Clark Wolf is the host and organizer. The panel—on food and politics—includes me, talking about my memoir, Slow Cooked, An Unexpected Life in Food Politics; Chloe Sorvino, author of Raw Deal: Hidden Corruption, Corporate Greed, and the Fight for the Future of Meat; Alex Prud’homme, author of Dinner With The President: Food, Politics and the History of Breaking Bread at the White House; and Tanya Holland, author of Tanya Holland’s California Soul. Free, but register here. It starts at 5:00 p.m. and lasts one hour.
The continuing saga of the food boxes
The USDA says 20 million food boxes have been delivered to food banks through the Farmers-to-Families program, which aimed to buy food from farms that had no way of selling what they produced, package it in boxes, and deliver them to food banks. The announcement comes with a very long list of testimonials, and a video that you can watch here.
The USDA’s website about this is here. The program is described here.
Not everyone is quite so enthusiastic. The National Sustainable Agriculture Coalition says that the food box program is not exactly doing much for small farms.
Most of the news coverage on the CFAP Food Box Program, and the Congressional attention that follows, has focused on large contracts awarded to companies without much experience in the distribution of specialty crops. This also caused the larger specialty crop industry to raise concerns about the early shortcomings of the program.
What has received much less attention has been how the program has or has not benefited local and regional food producers despite the fact that the program was clearly intended to support these farmers. Grant applicants were required to discuss how their proposed project supports the mission of facilitating agricultural markets and how they “intend to engage small farmers (e.g those farms servicing local and region interests and farmers markets).”
And Chuck Abbott, of FERN’s Ag Insider, says USDA offers few yardsticks for measuring its food-box program.
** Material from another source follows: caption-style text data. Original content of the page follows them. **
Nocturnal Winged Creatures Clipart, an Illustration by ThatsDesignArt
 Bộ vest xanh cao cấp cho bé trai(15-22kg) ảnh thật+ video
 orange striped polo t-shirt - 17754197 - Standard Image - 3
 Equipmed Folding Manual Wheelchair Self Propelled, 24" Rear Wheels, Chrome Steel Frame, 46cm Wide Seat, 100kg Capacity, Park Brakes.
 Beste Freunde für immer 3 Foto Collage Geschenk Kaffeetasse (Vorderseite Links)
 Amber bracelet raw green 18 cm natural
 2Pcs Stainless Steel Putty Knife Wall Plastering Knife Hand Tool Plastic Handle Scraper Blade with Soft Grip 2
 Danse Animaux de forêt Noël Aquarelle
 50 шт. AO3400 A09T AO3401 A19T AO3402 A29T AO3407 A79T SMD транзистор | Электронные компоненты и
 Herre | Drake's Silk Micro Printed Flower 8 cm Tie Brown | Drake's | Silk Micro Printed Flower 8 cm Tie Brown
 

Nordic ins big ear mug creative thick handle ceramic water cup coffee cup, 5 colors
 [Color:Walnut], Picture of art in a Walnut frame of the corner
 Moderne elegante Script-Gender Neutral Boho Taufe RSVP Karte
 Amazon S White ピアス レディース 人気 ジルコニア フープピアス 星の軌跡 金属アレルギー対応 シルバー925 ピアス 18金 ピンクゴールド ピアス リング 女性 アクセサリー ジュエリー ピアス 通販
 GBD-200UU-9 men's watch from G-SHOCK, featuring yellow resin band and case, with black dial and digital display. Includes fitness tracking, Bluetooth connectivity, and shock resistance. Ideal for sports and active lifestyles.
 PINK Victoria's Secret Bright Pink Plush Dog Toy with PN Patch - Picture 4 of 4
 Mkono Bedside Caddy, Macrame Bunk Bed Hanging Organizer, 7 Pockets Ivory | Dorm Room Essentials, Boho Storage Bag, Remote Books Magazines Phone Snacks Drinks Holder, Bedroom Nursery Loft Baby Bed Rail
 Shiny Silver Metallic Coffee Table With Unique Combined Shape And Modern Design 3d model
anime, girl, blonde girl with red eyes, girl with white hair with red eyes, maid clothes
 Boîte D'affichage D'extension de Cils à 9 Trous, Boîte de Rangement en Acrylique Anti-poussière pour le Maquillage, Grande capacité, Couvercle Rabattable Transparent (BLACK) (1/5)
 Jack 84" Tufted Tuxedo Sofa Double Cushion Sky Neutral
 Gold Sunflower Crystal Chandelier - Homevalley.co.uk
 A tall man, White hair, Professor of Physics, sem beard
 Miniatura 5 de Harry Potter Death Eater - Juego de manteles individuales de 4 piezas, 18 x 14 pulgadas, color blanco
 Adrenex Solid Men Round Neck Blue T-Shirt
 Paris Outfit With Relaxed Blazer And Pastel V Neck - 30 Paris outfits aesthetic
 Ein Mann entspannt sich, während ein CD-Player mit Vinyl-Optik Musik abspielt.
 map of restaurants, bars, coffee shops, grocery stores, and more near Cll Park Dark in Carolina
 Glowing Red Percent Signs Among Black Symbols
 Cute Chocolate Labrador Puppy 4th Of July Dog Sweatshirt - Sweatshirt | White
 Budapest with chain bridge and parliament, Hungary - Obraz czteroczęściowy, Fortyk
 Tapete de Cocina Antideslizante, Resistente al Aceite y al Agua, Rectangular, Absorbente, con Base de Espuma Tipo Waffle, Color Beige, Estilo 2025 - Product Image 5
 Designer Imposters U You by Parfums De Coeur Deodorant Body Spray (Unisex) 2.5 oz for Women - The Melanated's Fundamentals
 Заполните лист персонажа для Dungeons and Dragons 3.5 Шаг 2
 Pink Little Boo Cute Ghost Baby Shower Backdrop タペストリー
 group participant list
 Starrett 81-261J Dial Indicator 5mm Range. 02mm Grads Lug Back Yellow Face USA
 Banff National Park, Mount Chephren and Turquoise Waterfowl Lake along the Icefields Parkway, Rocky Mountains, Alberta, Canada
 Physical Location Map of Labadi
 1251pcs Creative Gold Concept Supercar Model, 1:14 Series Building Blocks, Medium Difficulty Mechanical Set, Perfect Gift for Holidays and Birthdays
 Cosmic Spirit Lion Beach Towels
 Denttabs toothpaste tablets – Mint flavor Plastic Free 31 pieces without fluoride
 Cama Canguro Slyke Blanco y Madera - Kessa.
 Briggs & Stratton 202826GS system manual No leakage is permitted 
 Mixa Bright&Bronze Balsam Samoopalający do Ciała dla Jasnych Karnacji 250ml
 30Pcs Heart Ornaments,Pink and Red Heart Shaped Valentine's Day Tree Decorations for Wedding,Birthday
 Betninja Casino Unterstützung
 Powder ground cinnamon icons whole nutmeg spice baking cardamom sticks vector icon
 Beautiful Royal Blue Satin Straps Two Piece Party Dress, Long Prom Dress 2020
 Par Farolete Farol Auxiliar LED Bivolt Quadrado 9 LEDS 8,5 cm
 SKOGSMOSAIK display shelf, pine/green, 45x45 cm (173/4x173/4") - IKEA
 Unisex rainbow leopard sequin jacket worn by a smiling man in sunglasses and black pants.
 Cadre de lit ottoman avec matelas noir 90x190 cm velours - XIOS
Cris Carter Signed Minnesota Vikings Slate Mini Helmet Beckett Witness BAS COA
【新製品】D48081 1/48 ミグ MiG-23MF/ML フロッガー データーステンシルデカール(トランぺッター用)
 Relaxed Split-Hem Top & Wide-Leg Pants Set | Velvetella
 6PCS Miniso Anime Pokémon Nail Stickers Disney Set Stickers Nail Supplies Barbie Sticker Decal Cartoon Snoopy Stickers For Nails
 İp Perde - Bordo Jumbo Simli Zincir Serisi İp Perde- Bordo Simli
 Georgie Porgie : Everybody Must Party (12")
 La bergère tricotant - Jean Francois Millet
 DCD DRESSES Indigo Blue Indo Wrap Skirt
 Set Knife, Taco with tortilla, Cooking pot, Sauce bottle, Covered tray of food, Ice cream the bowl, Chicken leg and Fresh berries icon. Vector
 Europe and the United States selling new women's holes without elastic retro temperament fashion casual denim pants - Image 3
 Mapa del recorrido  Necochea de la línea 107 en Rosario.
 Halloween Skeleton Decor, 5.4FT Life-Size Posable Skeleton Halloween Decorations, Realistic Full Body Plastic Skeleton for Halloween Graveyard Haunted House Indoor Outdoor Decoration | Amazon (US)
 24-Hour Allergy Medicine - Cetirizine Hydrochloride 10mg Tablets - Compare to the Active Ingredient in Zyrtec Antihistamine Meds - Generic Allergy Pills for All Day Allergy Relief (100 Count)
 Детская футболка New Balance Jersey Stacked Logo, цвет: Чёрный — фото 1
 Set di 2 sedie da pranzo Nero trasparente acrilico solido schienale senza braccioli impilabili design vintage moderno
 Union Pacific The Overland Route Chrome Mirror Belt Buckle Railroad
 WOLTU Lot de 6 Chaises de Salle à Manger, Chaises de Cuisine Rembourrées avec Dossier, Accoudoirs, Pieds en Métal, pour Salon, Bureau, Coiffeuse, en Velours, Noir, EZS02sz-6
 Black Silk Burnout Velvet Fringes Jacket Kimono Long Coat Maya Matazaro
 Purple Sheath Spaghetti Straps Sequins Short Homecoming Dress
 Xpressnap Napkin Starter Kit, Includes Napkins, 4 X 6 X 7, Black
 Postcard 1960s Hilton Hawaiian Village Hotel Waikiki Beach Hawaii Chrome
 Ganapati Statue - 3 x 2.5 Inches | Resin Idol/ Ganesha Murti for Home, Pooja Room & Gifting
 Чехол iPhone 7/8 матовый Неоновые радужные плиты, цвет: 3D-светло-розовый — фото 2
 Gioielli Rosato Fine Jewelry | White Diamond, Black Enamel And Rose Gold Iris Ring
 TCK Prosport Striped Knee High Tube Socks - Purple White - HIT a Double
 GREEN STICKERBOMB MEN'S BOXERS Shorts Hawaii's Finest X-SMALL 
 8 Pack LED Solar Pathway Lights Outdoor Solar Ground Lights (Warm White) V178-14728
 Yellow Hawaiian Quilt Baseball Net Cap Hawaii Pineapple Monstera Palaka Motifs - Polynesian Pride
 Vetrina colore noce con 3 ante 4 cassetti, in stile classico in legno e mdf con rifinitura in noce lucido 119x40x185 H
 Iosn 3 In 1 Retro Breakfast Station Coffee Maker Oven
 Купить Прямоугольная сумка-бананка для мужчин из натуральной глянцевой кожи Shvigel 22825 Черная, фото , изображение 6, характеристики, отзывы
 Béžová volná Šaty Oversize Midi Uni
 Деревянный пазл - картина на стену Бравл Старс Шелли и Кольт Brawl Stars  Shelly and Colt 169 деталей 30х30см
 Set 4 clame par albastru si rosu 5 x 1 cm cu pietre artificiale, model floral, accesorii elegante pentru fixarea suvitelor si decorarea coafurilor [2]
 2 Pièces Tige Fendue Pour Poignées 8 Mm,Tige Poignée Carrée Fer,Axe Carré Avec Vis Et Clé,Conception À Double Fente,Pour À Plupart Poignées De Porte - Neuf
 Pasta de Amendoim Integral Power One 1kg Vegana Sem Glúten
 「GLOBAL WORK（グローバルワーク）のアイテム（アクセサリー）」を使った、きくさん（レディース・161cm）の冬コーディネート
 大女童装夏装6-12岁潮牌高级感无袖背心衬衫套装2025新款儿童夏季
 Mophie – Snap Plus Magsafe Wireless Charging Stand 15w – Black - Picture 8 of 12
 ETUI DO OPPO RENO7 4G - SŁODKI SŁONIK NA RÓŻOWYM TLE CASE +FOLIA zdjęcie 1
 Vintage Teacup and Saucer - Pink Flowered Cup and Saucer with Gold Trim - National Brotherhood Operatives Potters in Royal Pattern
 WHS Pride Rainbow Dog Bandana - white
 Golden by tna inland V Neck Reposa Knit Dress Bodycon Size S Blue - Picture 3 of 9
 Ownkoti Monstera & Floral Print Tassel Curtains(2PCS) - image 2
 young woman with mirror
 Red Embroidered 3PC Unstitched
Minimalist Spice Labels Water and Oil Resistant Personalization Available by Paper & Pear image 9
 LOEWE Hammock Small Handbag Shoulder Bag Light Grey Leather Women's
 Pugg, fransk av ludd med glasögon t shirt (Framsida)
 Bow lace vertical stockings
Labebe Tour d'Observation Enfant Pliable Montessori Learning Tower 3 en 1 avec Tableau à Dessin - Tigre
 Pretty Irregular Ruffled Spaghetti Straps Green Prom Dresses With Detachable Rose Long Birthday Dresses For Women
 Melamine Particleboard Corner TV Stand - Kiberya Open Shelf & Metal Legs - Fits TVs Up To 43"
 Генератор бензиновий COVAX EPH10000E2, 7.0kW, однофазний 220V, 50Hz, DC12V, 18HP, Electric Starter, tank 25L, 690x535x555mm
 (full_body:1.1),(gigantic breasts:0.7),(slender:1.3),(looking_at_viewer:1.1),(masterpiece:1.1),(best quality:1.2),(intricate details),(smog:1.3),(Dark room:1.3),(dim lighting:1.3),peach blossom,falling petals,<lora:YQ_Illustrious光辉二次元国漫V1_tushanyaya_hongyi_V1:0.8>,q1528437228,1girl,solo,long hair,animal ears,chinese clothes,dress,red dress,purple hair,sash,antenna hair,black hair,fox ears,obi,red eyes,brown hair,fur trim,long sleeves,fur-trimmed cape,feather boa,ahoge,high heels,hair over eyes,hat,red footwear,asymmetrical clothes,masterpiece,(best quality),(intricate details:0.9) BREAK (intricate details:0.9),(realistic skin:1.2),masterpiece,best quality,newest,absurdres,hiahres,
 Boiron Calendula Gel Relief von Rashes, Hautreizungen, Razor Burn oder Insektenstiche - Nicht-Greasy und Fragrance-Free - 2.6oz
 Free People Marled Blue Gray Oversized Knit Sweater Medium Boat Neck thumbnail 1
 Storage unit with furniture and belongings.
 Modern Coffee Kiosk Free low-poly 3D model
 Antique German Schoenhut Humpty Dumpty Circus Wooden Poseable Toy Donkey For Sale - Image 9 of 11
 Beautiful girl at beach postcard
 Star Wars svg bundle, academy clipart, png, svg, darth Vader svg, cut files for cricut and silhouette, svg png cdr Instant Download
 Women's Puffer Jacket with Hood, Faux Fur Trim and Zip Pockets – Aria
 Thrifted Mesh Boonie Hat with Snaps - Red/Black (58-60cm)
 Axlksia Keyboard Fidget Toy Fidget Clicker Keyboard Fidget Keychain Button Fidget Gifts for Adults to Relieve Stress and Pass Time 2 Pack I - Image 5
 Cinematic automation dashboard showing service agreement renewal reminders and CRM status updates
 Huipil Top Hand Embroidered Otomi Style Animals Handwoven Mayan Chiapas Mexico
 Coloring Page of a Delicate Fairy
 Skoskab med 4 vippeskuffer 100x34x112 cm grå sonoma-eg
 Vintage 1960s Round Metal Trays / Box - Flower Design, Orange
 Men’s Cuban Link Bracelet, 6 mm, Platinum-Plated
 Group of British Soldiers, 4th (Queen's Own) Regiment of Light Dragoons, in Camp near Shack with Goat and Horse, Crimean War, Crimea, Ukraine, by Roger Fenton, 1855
For USDA, the most important number in its food-box giveaway program is how many boxes are donated — 18.4 million as of Friday, according to a tally on the homepage of the agency that runs the program. Officials declined to provide other details, such as the average cost of the boxes or how long the $3-billion initiative will be in operation.
I would like to know:
- What’s in the boxes?
- What food? How much food?
- What is its quality?
- How are food banks handling this?
- Are recipients happy with it?
- Is the program helping small farmers stay in business?
Does anyone know? I haven’t seen answers to these questions yet.